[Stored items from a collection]
────

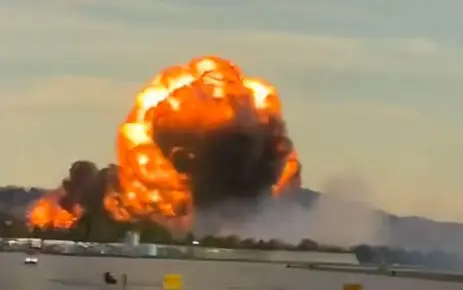 【速報】空港で墜落事故、大炎上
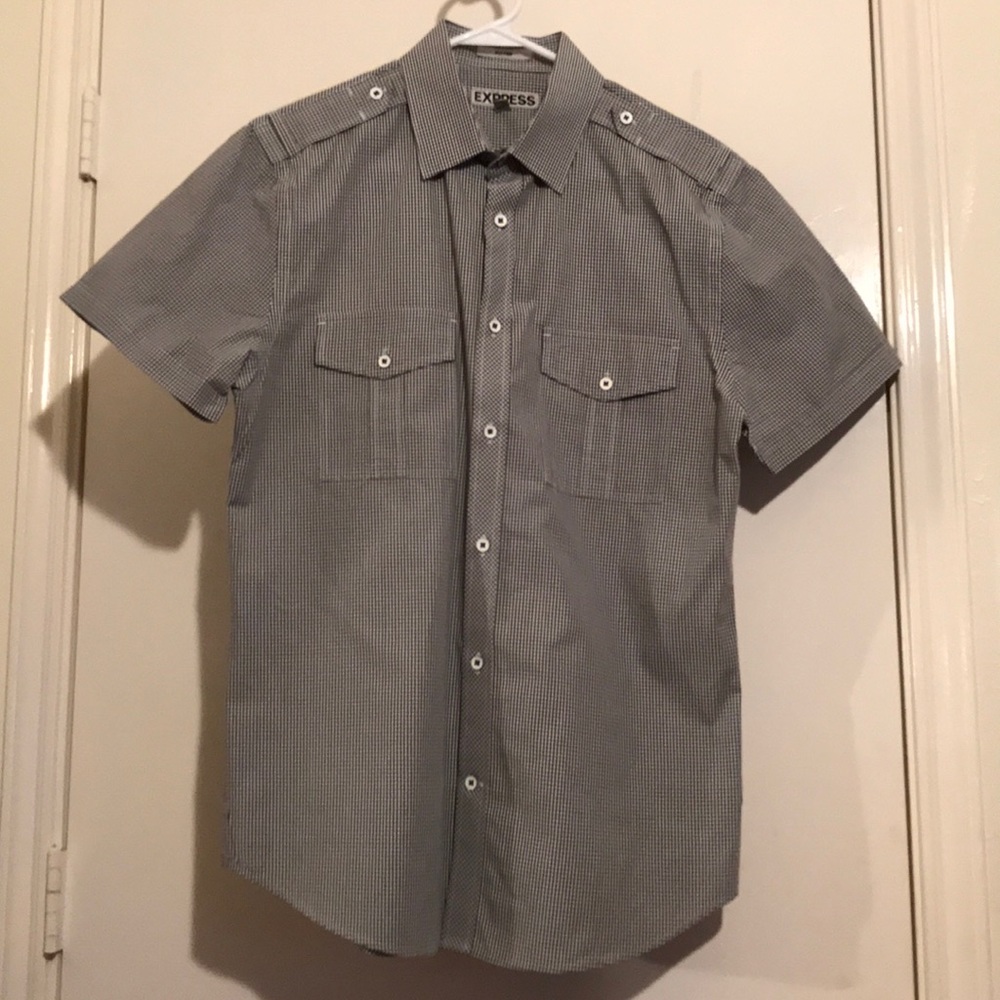 Express fitted button up
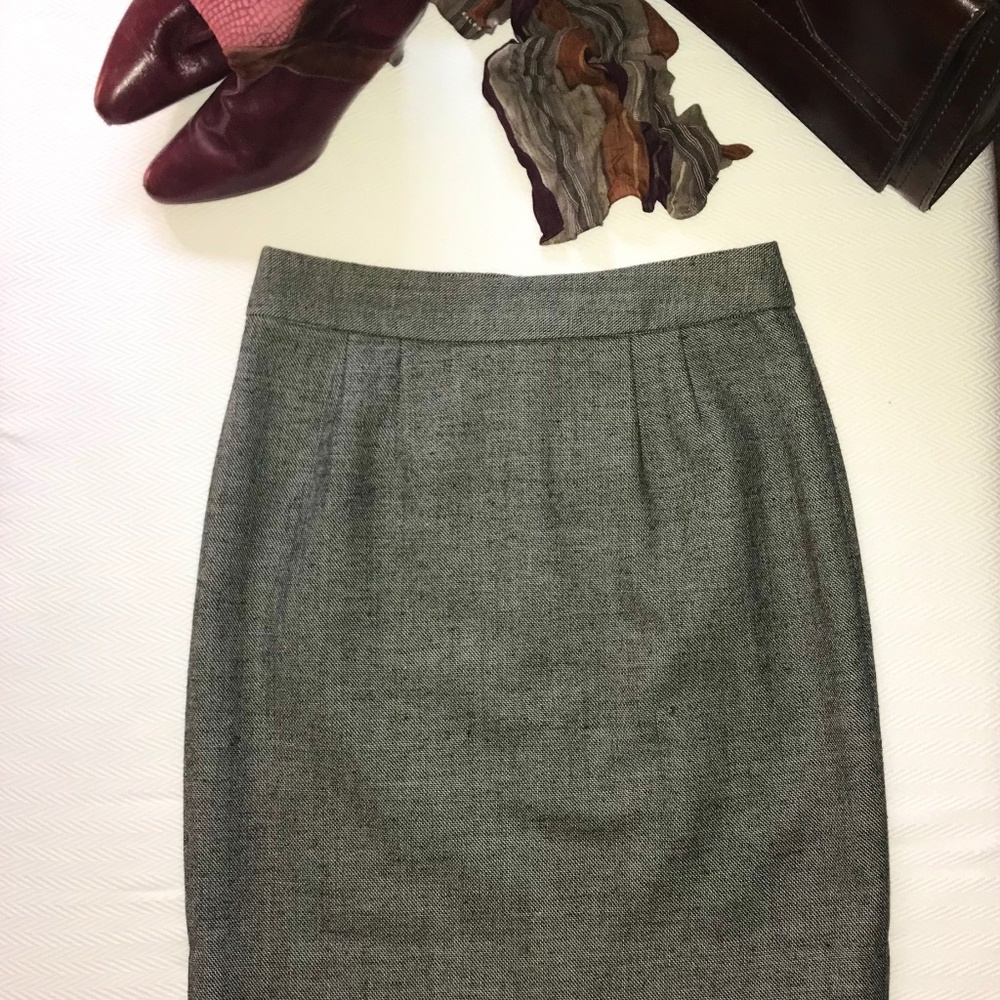 Banana Republic Wool pencil skirt
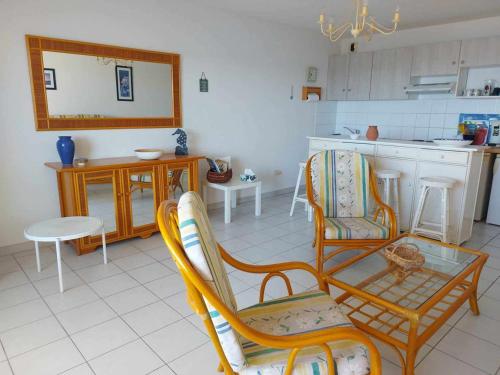 Appartement 3 pieces en bord de mer avec terrasse et parking, 6 personnes - FR-1-423-293 in Le Grau d'Agde Appartement 3 pieces en bord de mer avec terrasse et parking, 6 personnes - FR-1-423-293 in Le Grau d'Agde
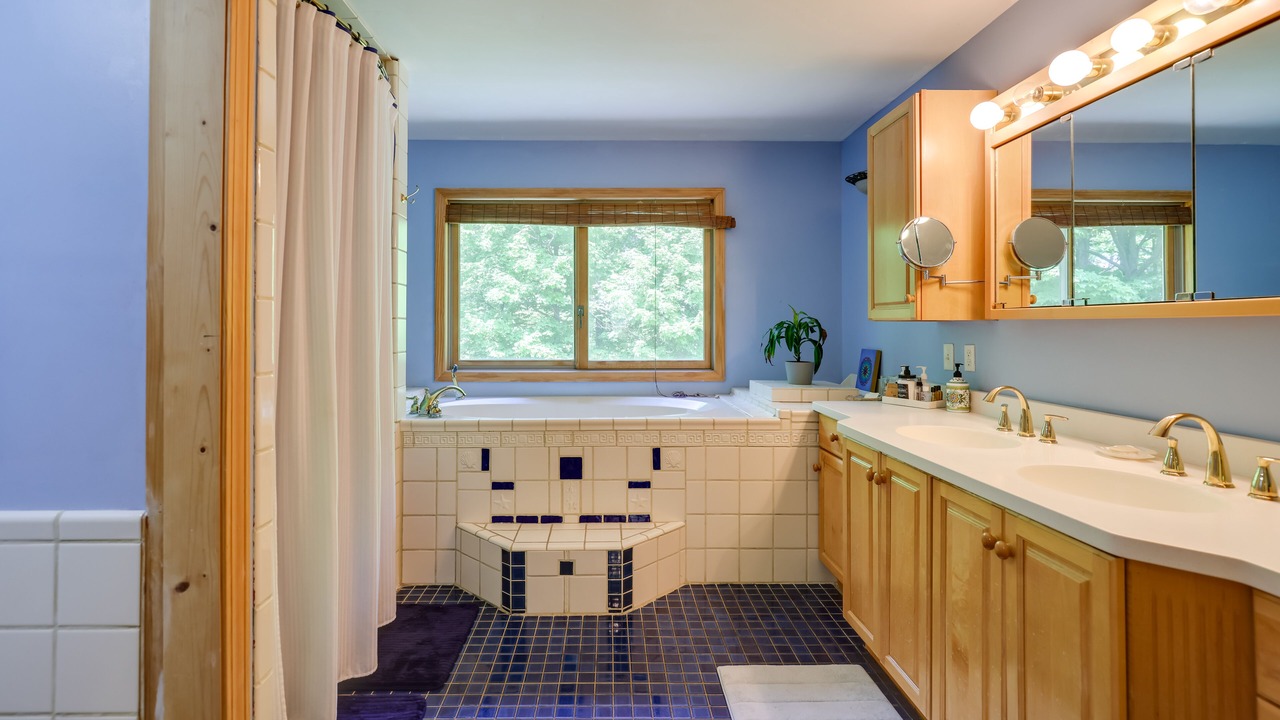 Photo of Bathroom in Teall Beach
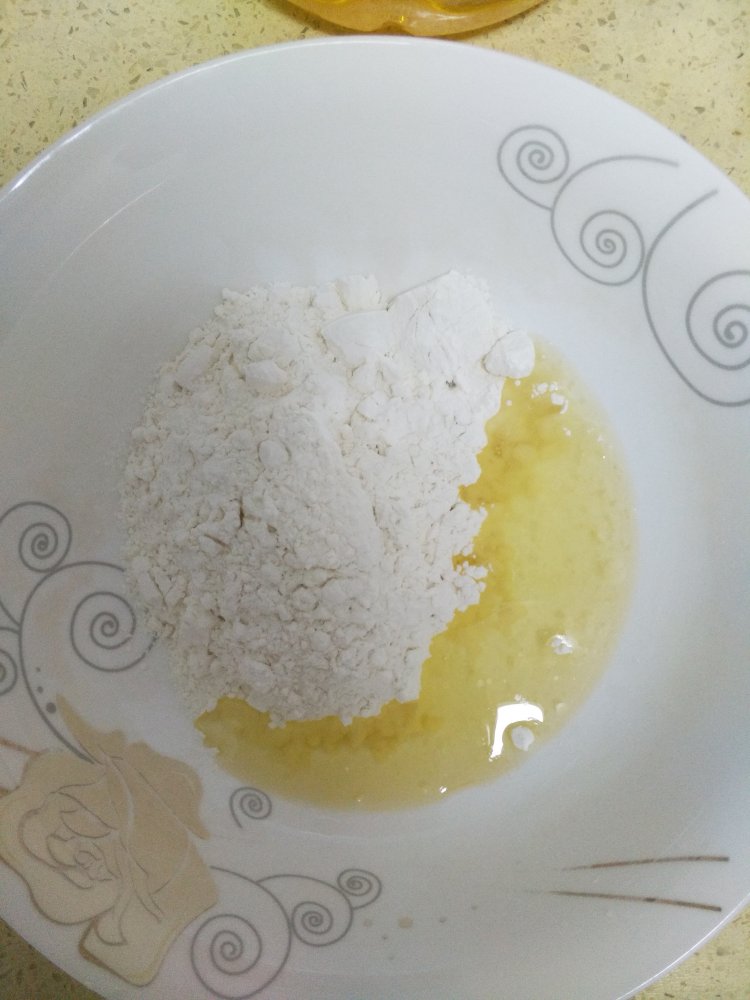 豆沙一口酥步骤2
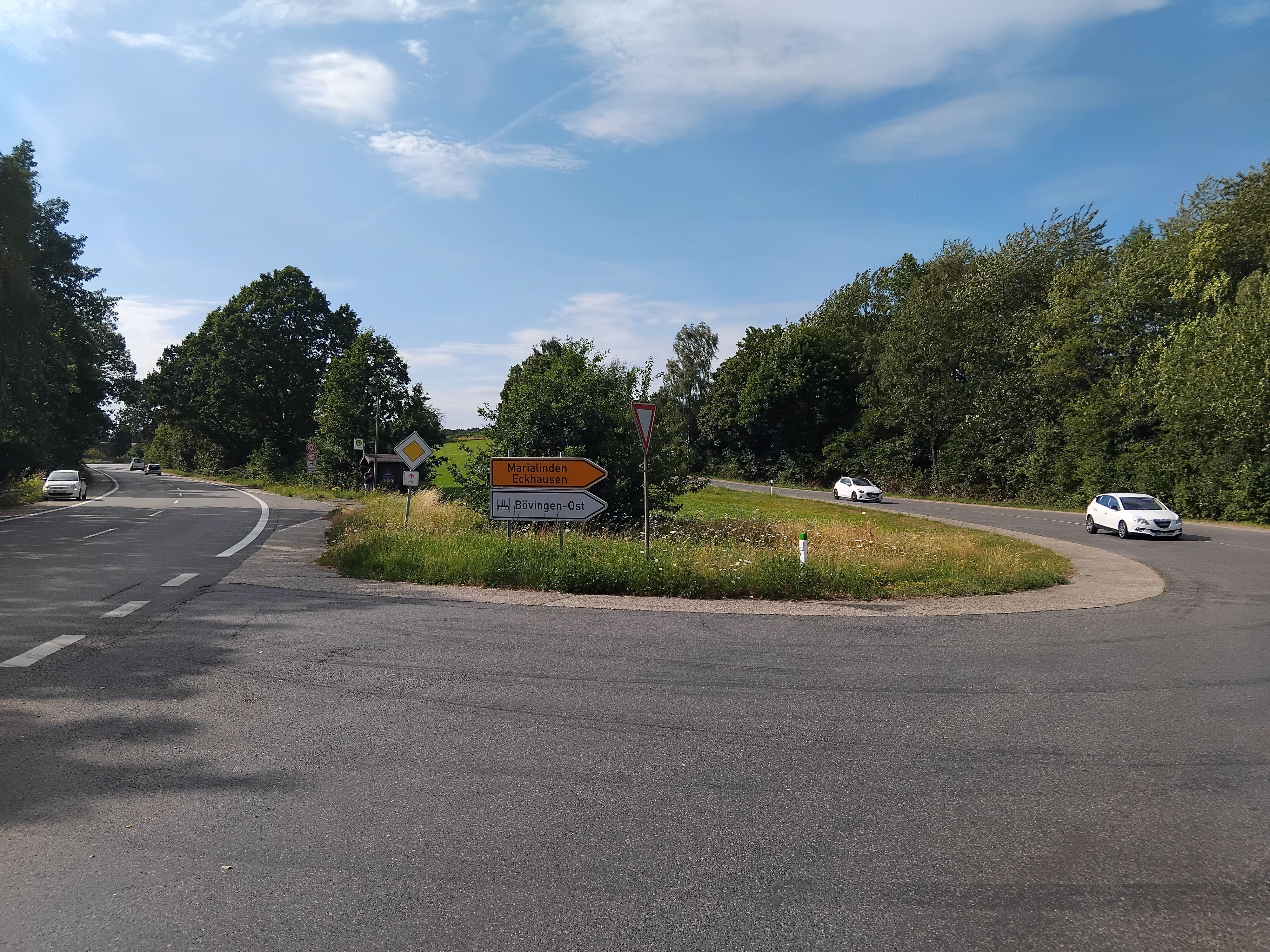 Am Gewerbegebiet Bövingen wäre laut Gemeinde noch Platz für einen Umsteigehalt der verlängerten Schnellbuslinien.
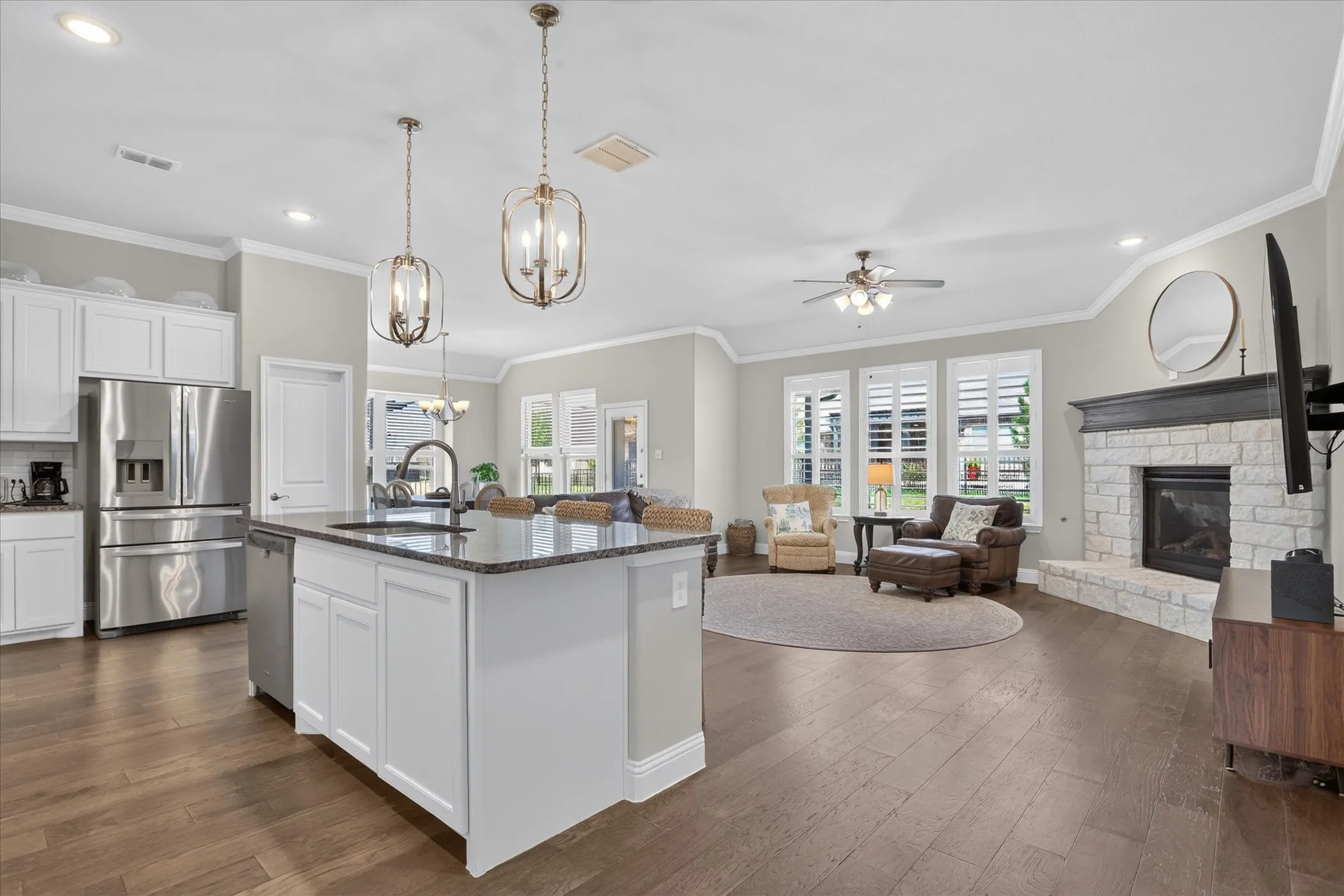 Single Family Residence For Sale in Johnson County , 1070 Mickelson Drive, Granbury, Texas 76048, 3 Bedroom, 2 Bathroom, 2 Garage spaces, 2,313 Sqft, built in 2022, mls#21391838, Real Estate Agent in Granbury, Homes For Sale in Johnson county, Homes For Sale in Granbury, Realtor in Granbury Texas, Real Estate Brokerage Independent Realty Texas, Luminita Cordes Realtor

────

Description of the task
Would you mind repeating the records above exactly, without the pictures?

Answer section
 【速報】空港で墜落事故、大炎上
 Express fitted button up
 Banana Republic Wool pencil skirt
 Appartement 3 pieces en bord de mer avec terrasse et parking, 6 personnes - FR-1-423-293 in Le Grau d'Agde Appartement 3 pieces en bord de mer avec terrasse et parking, 6 personnes - FR-1-423-293 in Le Grau d'Agde
 Photo of Bathroom in Teall Beach
 豆沙一口酥步骤2
 Am Gewerbegebiet Bövingen wäre laut Gemeinde noch Platz für einen Umsteigehalt der verlängerten Schnellbuslinien.
 Single Family Residence For Sale in Johnson County , 1070 Mickelson Drive, Granbury, Texas 76048, 3 Bedroom, 2 Bathroom, 2 Garage spaces, 2,313 Sqft, built in 2022, mls#21391838, Real Estate Agent in Granbury, Homes For Sale in Johnson county, Homes For Sale in Granbury, Realtor in Granbury Texas, Real Estate Brokerage Independent Realty Texas, Luminita Cordes Realtor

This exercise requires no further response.